__TRY IT__. Output the full listing exactly as written, with no pictures in it.

__DATASET EXCERPT__.
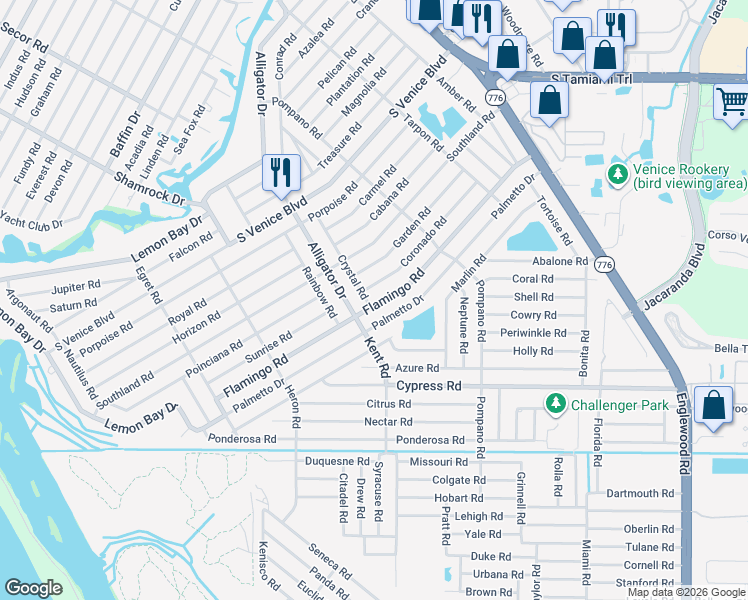 map of restaurants, bars, coffee shops, grocery stores, and more near 624-698 Coronado Road in Venice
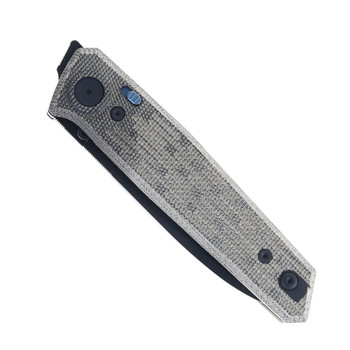 Reate PL-6 Folding Knife Black Micarta Handle Nitro-V Plain Black PVD Blade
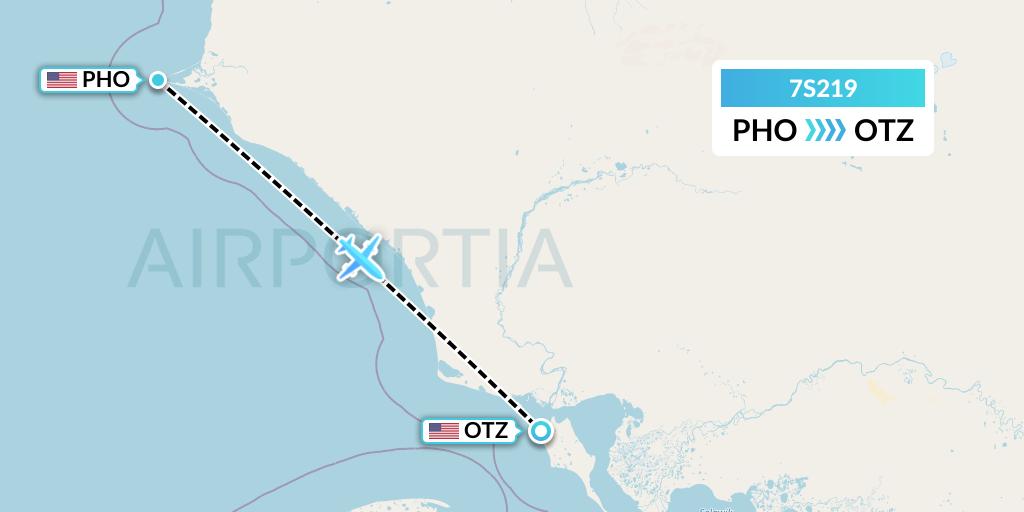 7S219 Ryan Air (USA) Flight Map: Point Hope to Kotzebue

__YOUR RESPONSE__.
 map of restaurants, bars, coffee shops, grocery stores, and more near 624-698 Coronado Road in Venice
 Reate PL-6 Folding Knife Black Micarta Handle Nitro-V Plain Black PVD Blade
 7S219 Ryan Air (USA) Flight Map: Point Hope to Kotzebue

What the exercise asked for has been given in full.